Work to complete.
Would you please repeat, word for word, only the lines from the one holding "Dinky Toys 351" through the one holding "Jo Malone Lime" in the material below, without the pictures?

Exercise input.
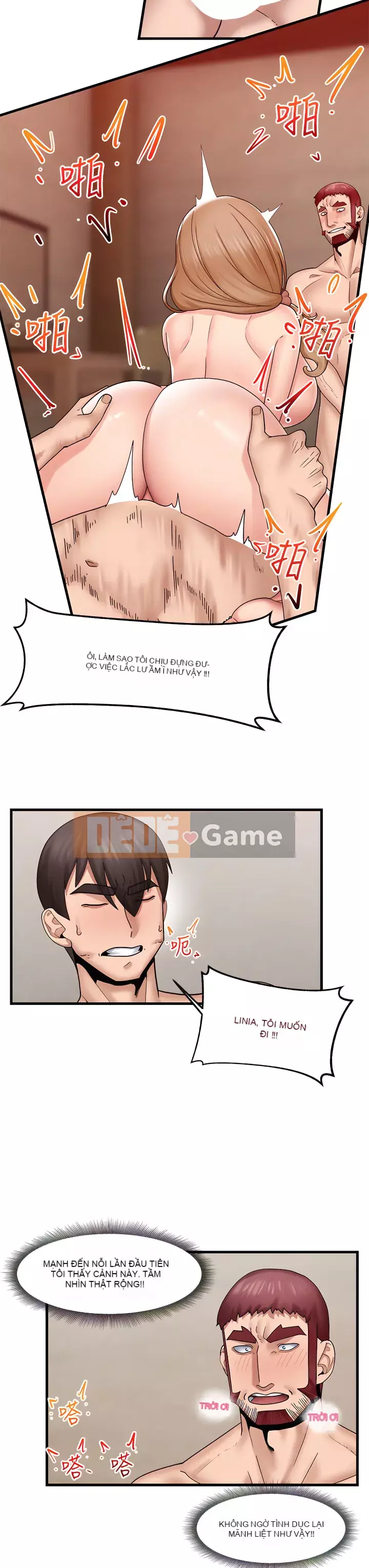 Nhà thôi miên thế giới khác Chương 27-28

...

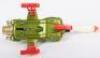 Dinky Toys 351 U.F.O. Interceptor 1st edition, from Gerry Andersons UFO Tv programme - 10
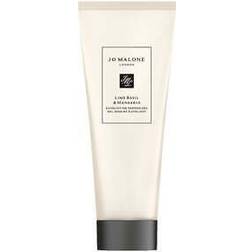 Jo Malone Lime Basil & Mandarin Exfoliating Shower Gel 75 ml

Answer to this problem.
 Dinky Toys 351 U.F.O. Interceptor 1st edition, from Gerry Andersons UFO Tv programme - 10
 Jo Malone Lime Basil & Mandarin Exfoliating Shower Gel 75 ml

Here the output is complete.